### [EXERCISE AIM]
Could you transcribe all of the data exactly and skip any pictures?

### [TASK MATERIAL]
"""

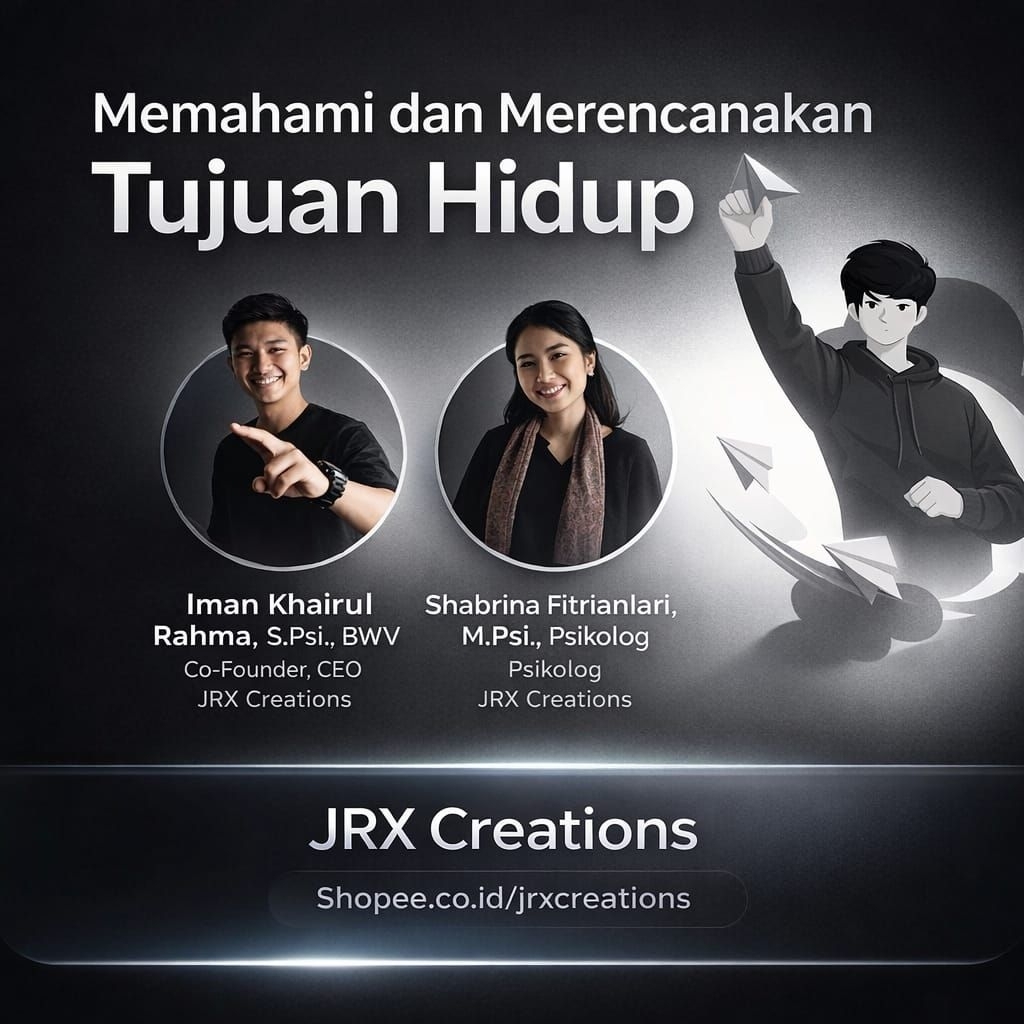 KELAS SATU PERSEN 1% DIGITAL MARKETING ONLINE INTERNET PELUANG USAHA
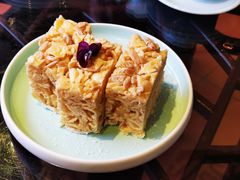 -白天鹅宾馆-玉堂春暖餐厅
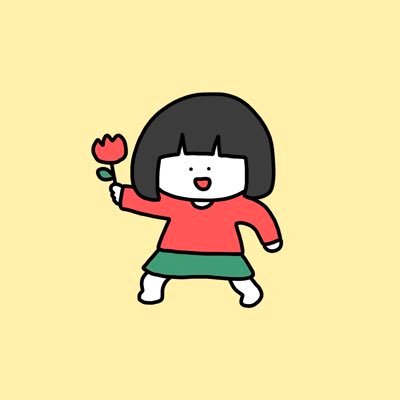 non4212's profile picture. アイコンはさかもとこのみさん(@konomiracle_)に 書いていだだきました🌷 うれしい！！！！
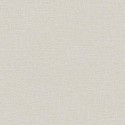 Modernismo Lina 7685 17 32 Papel Pintado Casamance
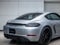 2024 Porsche 718 718 Cayman GTS 4.0 (MY24)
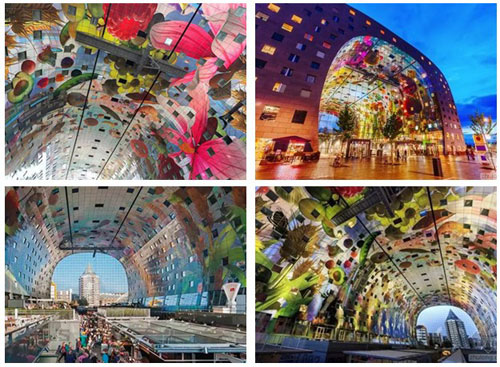 增資收購 全面布局 LED巨頭爭先恐后謀發(fā)展！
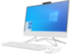 Моноблок HP 200 G4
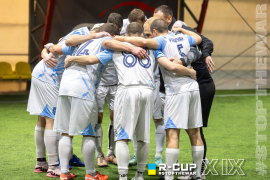<a href="https://st.getinfootball.com/albums/1098302/6909a4ee43080_1920.jpg" target="_blank">Завантажити оригінал</a>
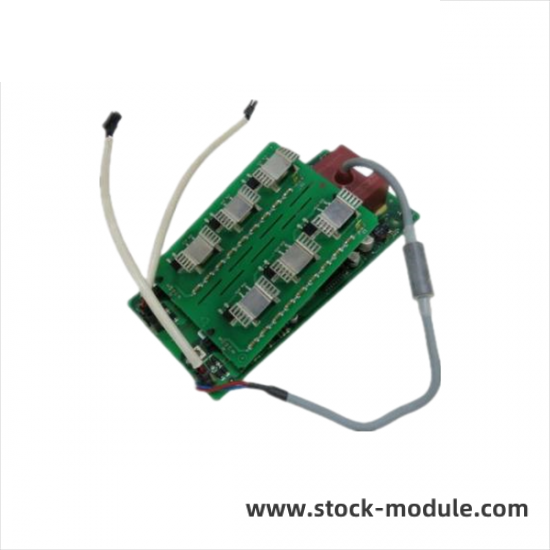 abb_3bhe036290r0002_gate_drive_board.png ABB 3BHE036290R0002 Gate Drive Board; Manufacturer:ABB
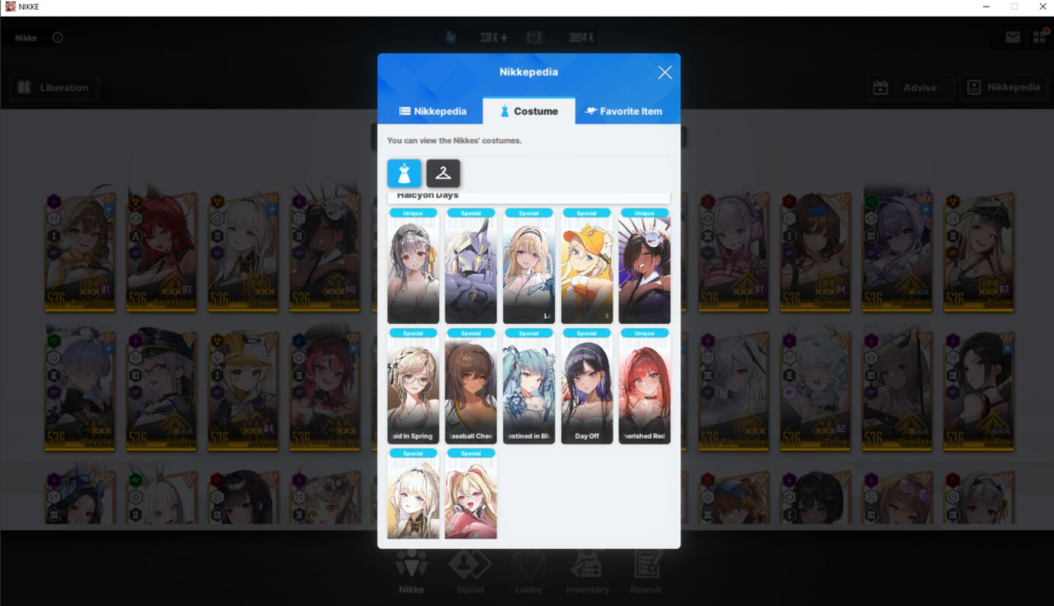 Screenshot 2026 08 27 222125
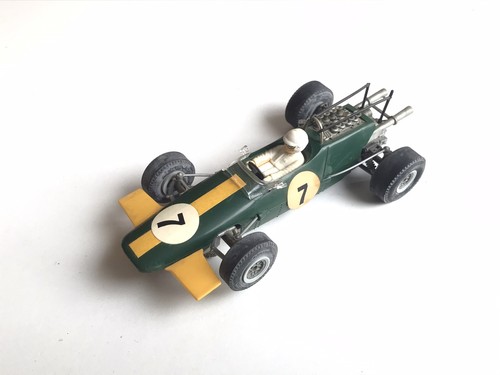 Voiture circuit électrique - voiture,
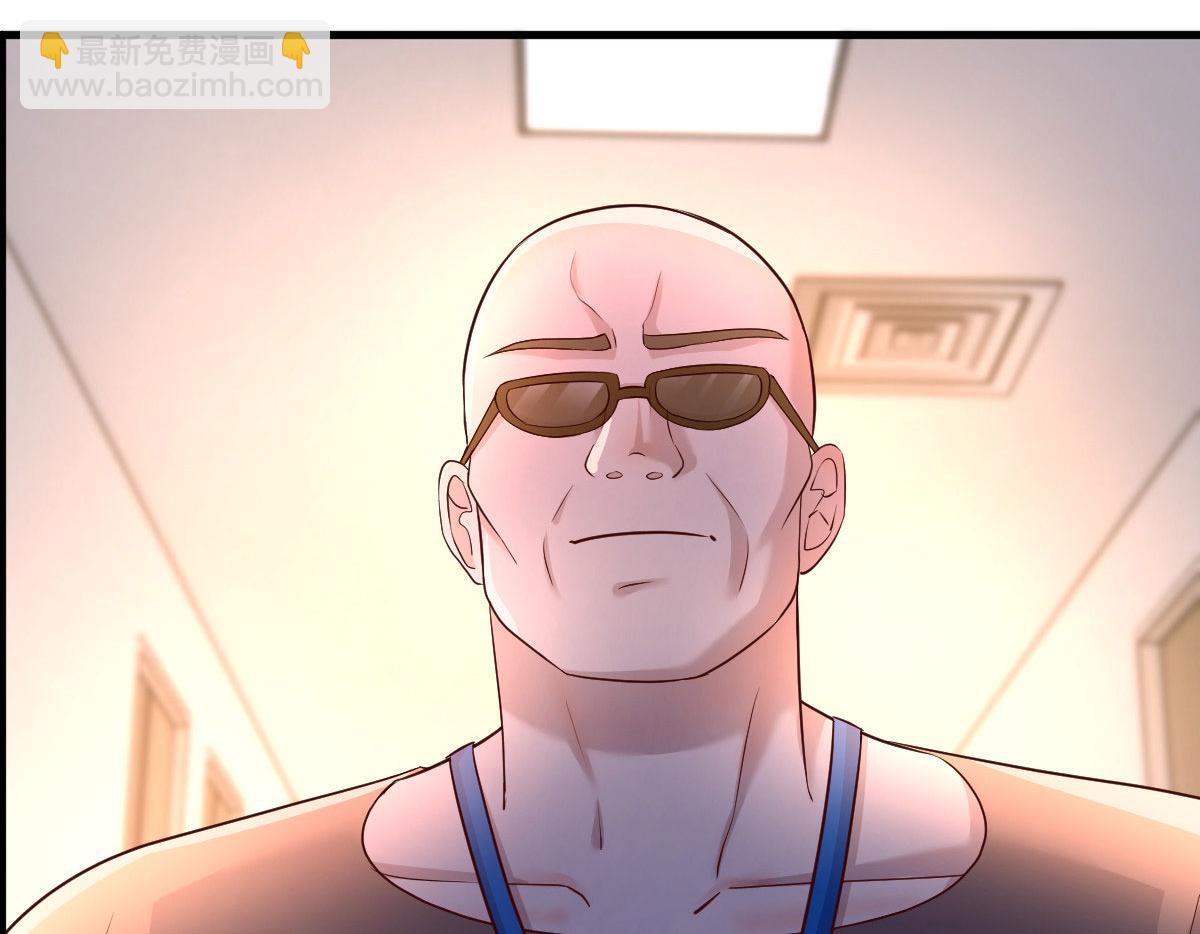 133 关键时刻还是要老弟(1/3)-第135话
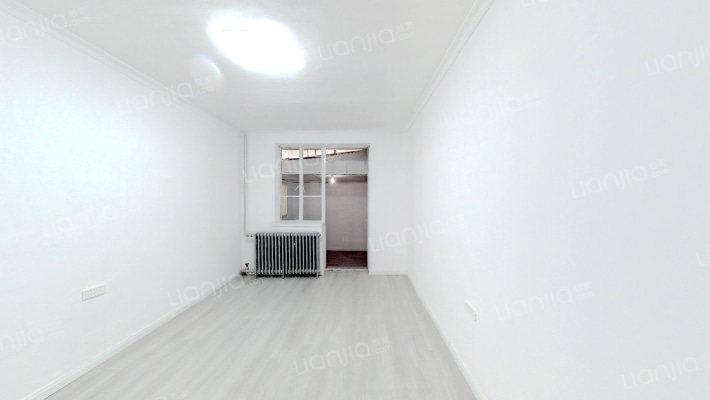 西津东路470-476号二手房实景图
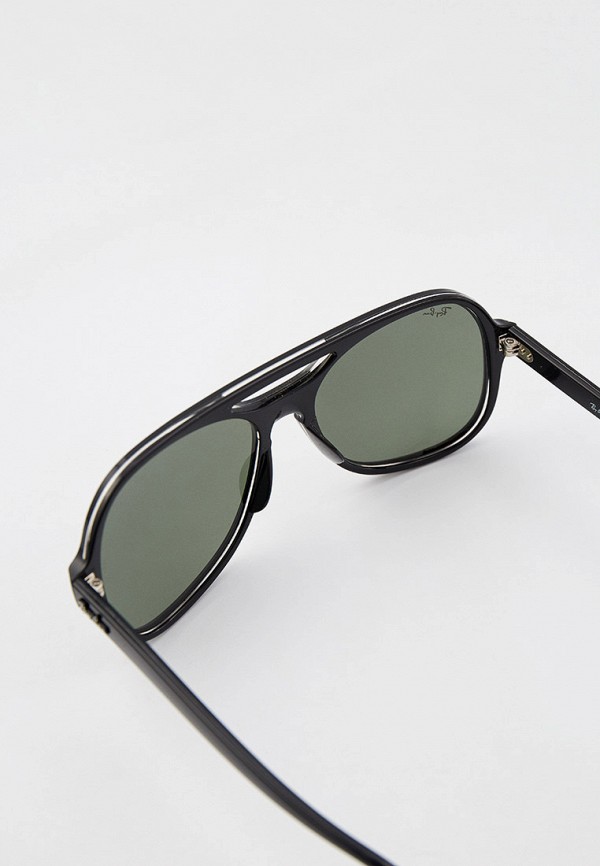 фото Очки солнцезащитные ray-ban®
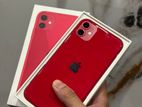 Apple iPhone 11 64GB (Used)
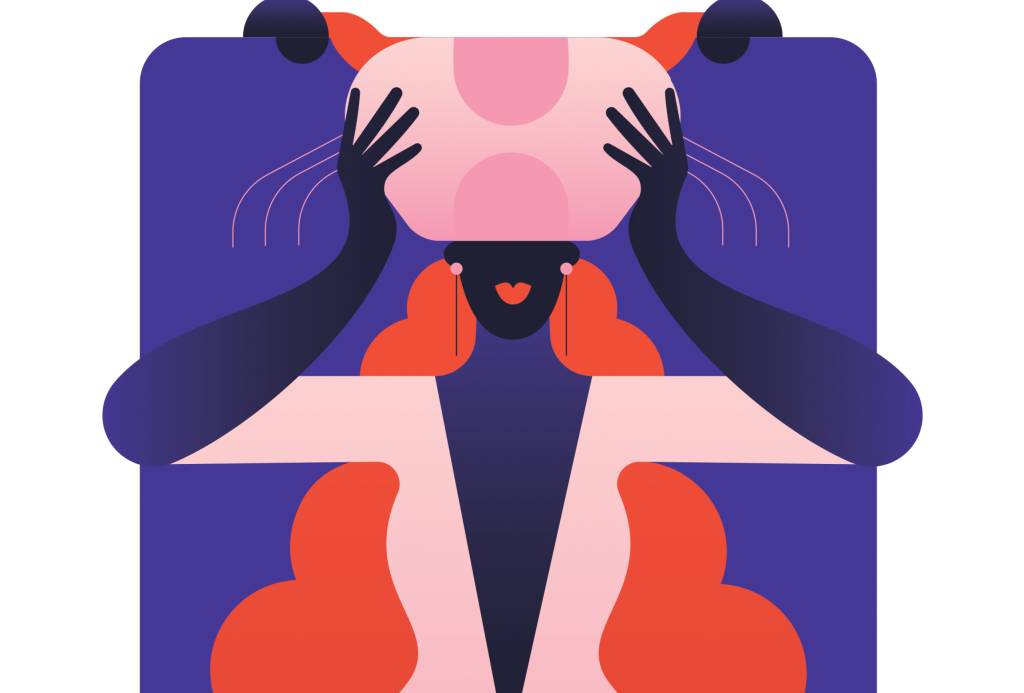 Horóscopo – as previsões de Susan Miller para agosto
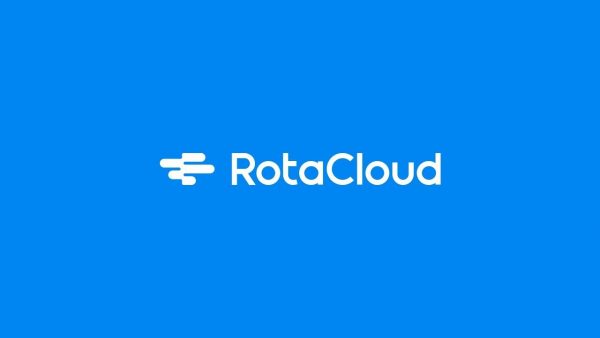 RotaCloud Introduction (Malones)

"""

### [ANSWER]
 KELAS SATU PERSEN 1% DIGITAL MARKETING ONLINE INTERNET PELUANG USAHA
 -白天鹅宾馆-玉堂春暖餐厅
 non4212's profile picture. アイコンはさかもとこのみさん(@konomiracle_)に 書いていだだきました🌷 うれしい！！！！
 Modernismo Lina 7685 17 32 Papel Pintado Casamance
 2024 Porsche 718 718 Cayman GTS 4.0 (MY24)
 增資收購 全面布局 LED巨頭爭先恐后謀發(fā)展！
 Моноблок HP 200 G4
<a href="https://st.getinfootball.com/albums/1098302/6909a4ee43080_1920.jpg" target="_blank">Завантажити оригінал</a>
 abb_3bhe036290r0002_gate_drive_board.png ABB 3BHE036290R0002 Gate Drive Board; Manufacturer:ABB
 Screenshot 2026 08 27 222125
 Voiture circuit électrique - voiture,
 133 关键时刻还是要老弟(1/3)-第135话
 西津东路470-476号二手房实景图
 фото Очки солнцезащитные ray-ban®
 Apple iPhone 11 64GB (Used)
 Horóscopo – as previsões de Susan Miller para agosto
 RotaCloud Introduction (Malones)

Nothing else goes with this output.